Etant sa marque de fabrique, l’auteur nous sert des faits d’actualités qui l’ont frappé. Faits qu’il va plus ou moins retranscrire fidèlement ou maquiller pour coller à son univers. Il est touché, comme beaucoup de créatifs aujourd’hui, par la vague de fake news et de la montée au pouvoir des crétins surpuissants. C’est un thème que l’on croise de plus en plus dans l’univers de la BD et c’est tant mieux, il faut faire bouger les lignes rapidement, notamment à cause du peu de volonté des réseaux sociaux à changer cette donne. Le cas Twitter racheté par Celuiquisecroitaudessusdetous Musk est encore un exemple flagrant de la situation médiatique actuelle.
Bien entendu, même si le fond est grave et assez proche de notre réalité, il y a énormément de second degré et d’humour, parfois acerbe et plutôt bien senti. C’est un Mutafukaz, ce n’est certainement pas un récit politique ou social ennuyeux, c’est à voir comme un délire créatif d’un personnage ingénieux, généreux, curieux et passionné.

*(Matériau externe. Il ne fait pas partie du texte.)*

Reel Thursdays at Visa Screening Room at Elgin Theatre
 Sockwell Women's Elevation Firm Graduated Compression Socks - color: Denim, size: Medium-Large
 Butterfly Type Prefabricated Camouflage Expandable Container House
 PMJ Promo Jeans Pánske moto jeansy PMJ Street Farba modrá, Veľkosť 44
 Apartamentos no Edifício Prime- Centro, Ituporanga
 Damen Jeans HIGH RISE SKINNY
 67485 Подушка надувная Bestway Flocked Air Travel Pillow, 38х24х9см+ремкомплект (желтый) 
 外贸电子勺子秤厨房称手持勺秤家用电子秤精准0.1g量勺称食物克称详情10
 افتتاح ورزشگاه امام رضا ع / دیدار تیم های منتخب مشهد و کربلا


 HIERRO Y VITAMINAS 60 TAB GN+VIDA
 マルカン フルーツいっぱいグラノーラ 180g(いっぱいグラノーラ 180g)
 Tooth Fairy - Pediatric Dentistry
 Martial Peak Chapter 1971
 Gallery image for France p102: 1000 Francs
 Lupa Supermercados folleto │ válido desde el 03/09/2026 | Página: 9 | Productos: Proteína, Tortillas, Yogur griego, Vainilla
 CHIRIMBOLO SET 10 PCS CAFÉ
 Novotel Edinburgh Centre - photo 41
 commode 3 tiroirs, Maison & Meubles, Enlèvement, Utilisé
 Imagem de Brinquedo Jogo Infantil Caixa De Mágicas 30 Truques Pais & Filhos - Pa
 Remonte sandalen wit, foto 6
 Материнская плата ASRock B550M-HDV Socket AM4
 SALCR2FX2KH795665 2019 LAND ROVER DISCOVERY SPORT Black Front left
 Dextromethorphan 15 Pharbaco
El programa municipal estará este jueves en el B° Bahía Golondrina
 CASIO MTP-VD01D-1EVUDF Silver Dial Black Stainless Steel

Si la personnalité vous intéresse, j’ai découvert très récemment une série de podcasts du très bon First Print, dédiés à la genèse de Mufukaz. En 7 épisodes et mené comme une discussion entre le journaliste et Run, on y apprend comment au fil de sa vie professionnelle sont apparus les héros qui composent aujourd’hui MFK. C’est très captivant, d’autant plus qu’il nous livre là un récit honnête et nous dévoile parfois l’envers du décor des maisons d’édition francophones.
Honnête parce que l’auteur n’a jamais eu la prétention de se croire meilleur que les autres. Il a toujours eu la simple volonté de partager ce qui le touche d’abord, en faisant de son mieux pour divertir et se dépasser. Il parle de ses faiblesses davantage que de ses qualités et explique comment il obtient une œuvre homogène en se servant de sa formation d’art plastique et de ses influences.
Cela donne au final un très bon rendu, où la passion transpire à chaque case. À partir de faits réels et de lieux de voyage, Run compose un road movie déjanté qui annonce encore quelques belles pépites dans les prochains tomes. Si vous êtes plutôt premier degré, n’ouvrez pas ce nouveau tome, pas plus que les précédents, et fuyez de toutes vos forces le Label 619. Par contre, si l’envie de découvrir autre chose que les stars américaines classiques, du bon « franco-belge », vous démange, vous êtes sur la bonne piste, sans aucun doute.